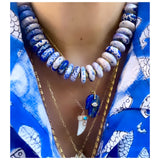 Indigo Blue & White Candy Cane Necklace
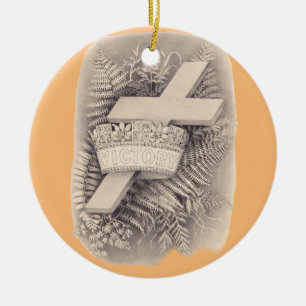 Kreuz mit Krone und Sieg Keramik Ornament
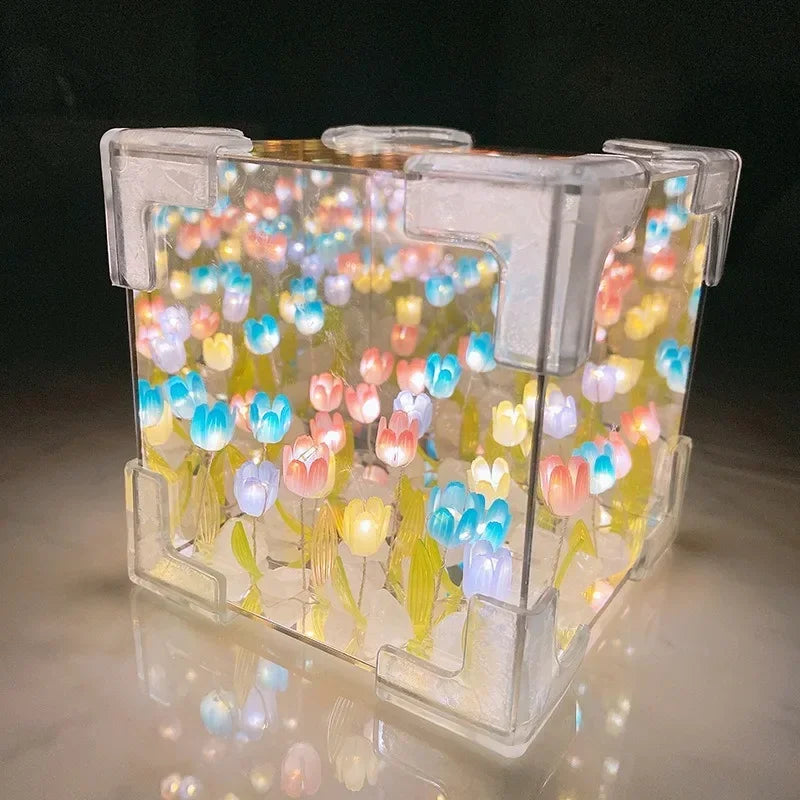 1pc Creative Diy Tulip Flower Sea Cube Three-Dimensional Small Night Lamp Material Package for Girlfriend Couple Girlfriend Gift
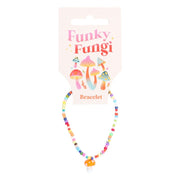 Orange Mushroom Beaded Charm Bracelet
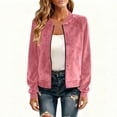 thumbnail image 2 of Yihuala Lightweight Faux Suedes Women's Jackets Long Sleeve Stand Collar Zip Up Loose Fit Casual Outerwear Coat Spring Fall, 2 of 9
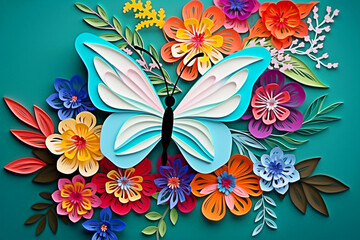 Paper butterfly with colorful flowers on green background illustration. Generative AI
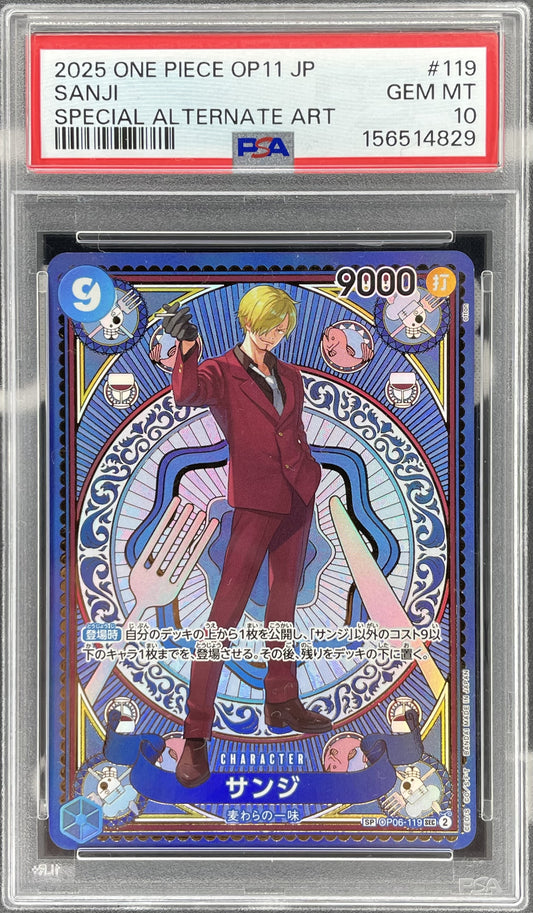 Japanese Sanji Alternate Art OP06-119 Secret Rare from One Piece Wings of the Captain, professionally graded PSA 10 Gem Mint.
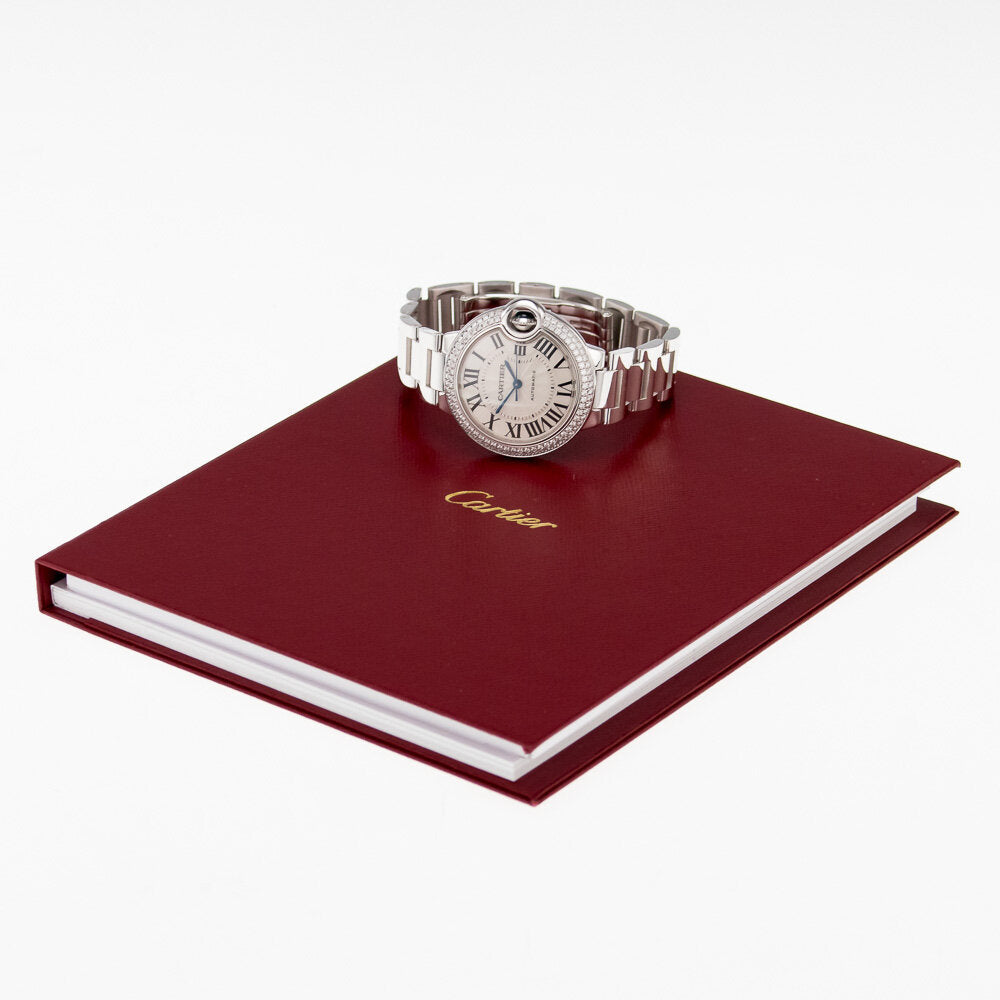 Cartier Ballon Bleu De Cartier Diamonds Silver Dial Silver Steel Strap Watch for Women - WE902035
# # # # #
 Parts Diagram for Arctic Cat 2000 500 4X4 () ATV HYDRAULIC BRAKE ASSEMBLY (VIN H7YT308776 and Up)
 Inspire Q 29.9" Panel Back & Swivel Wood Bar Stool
# # # # #
**WHAT YOU ARE ASKED TO DO**
When you reach the line holding "Orange Mushroom Beaded Charm Bracelet" in the listing above, begin retyping exactly, and stop once the line holding "Cartier Ballon Bleu" is done; pictures stay out.

**RESPONSE BOX**
 Orange Mushroom Beaded Charm Bracelet
 thumbnail image 2 of Yihuala Lightweight Faux Suedes Women's Jackets Long Sleeve Stand Collar Zip Up Loose Fit Casual Outerwear Coat Spring Fall, 2 of 9
 Paper butterfly with colorful flowers on green background illustration. Generative AI
 Japanese Sanji Alternate Art OP06-119 Secret Rare from One Piece Wings of the Captain, professionally graded PSA 10 Gem Mint.
 Cartier Ballon Bleu De Cartier Diamonds Silver Dial Silver Steel Strap Watch for Women - WE902035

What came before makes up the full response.